Records provided:
====================

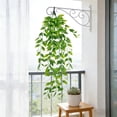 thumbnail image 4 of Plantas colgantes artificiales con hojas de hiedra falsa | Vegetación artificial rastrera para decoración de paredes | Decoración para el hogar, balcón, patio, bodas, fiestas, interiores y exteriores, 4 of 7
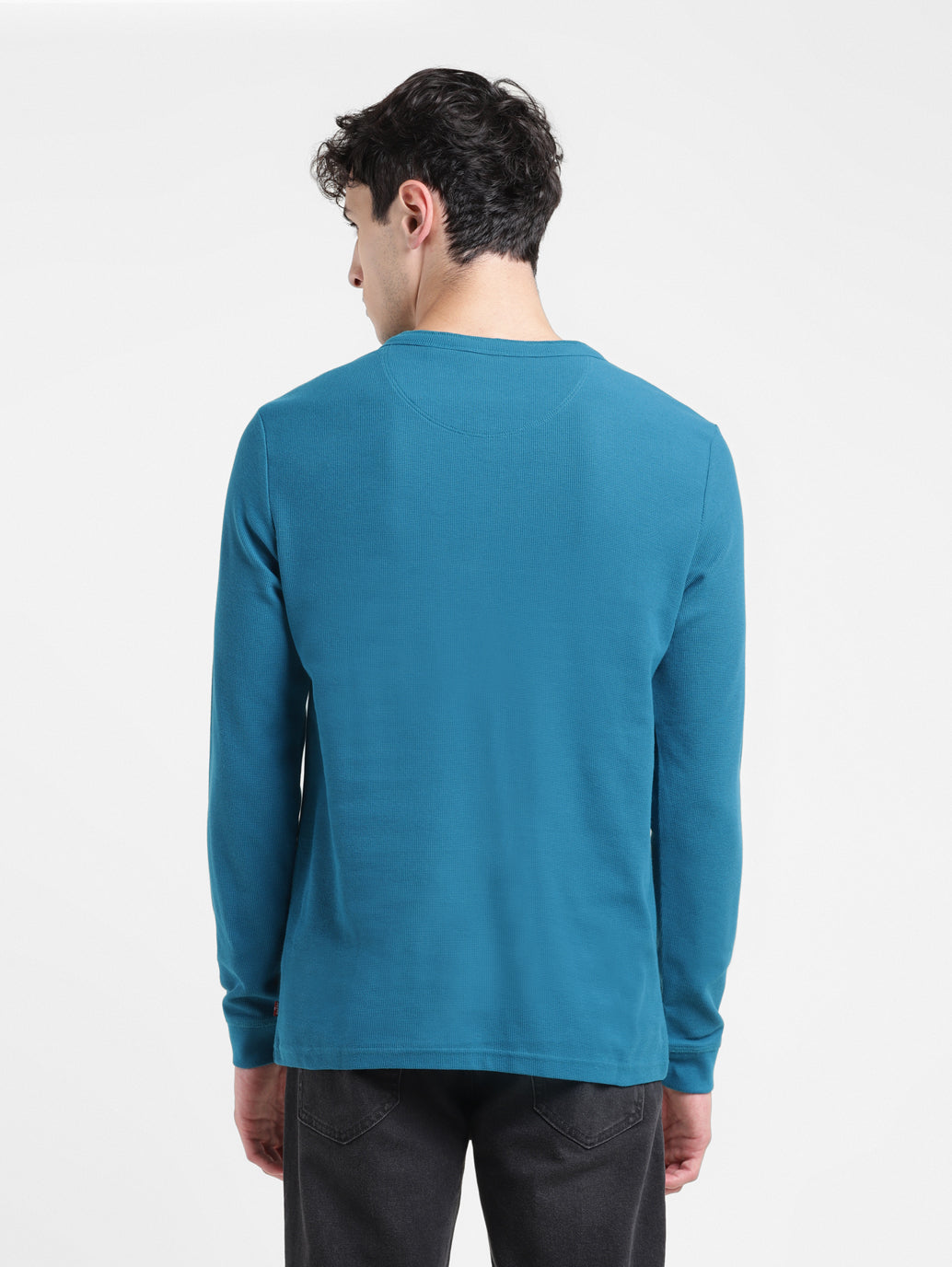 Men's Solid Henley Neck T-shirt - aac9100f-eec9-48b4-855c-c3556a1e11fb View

====================

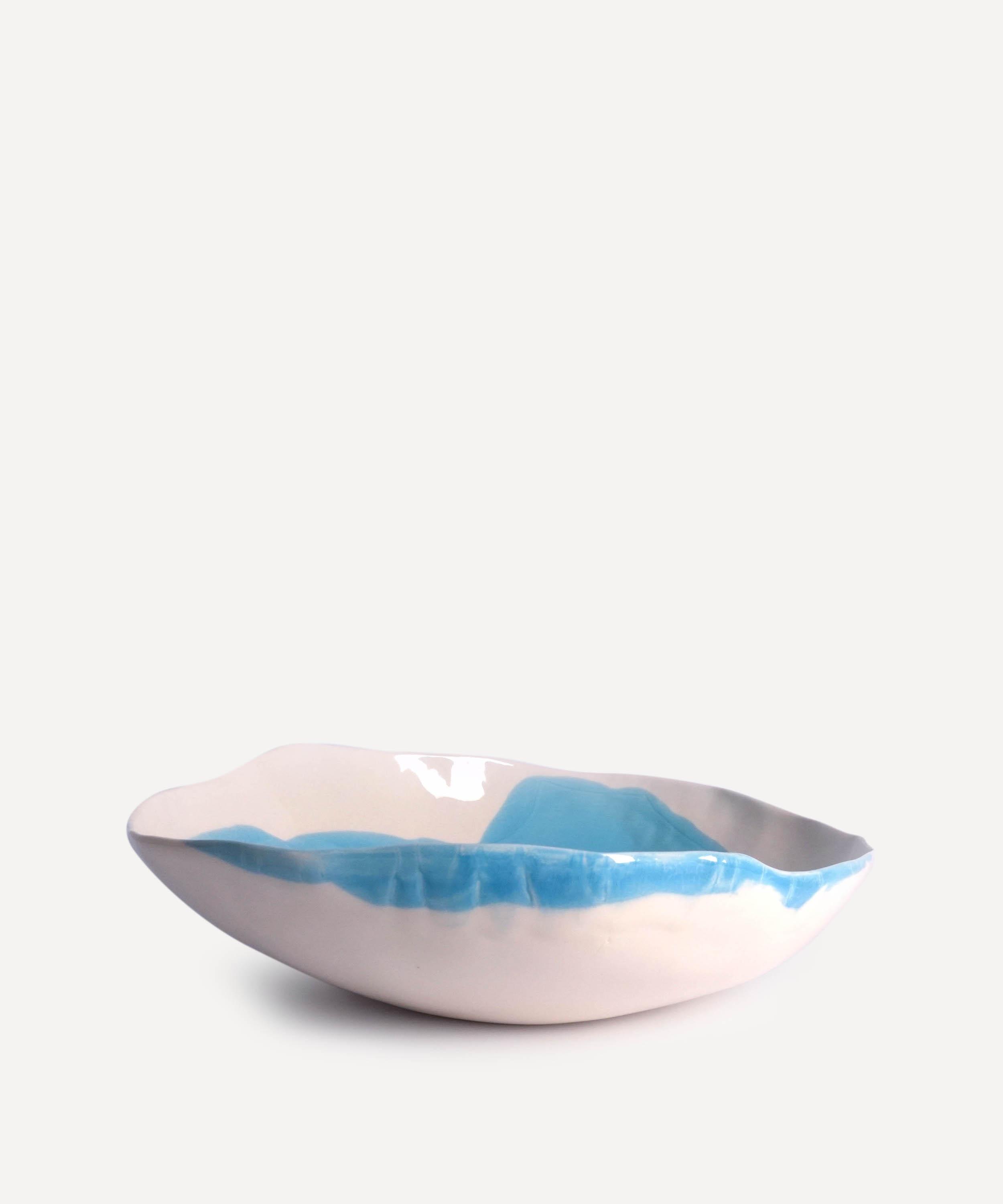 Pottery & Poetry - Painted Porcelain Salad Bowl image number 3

====================

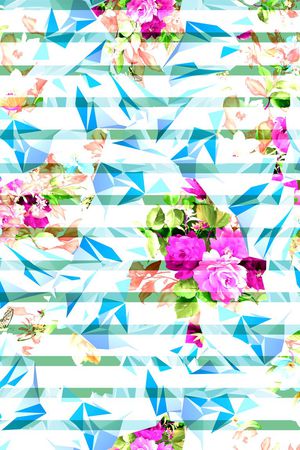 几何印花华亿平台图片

====================

Your task: Your reply is to be an exact repeat of the listing above from the line holding "thumbnail image 4" down to the line holding "Men's Solid Henley", ends included, pictures excluded.

Exercise answer:
 thumbnail image 4 of Plantas colgantes artificiales con hojas de hiedra falsa | Vegetación artificial rastrera para decoración de paredes | Decoración para el hogar, balcón, patio, bodas, fiestas, interiores y exteriores, 4 of 7
 Men's Solid Henley Neck T-shirt - aac9100f-eec9-48b4-855c-c3556a1e11fb View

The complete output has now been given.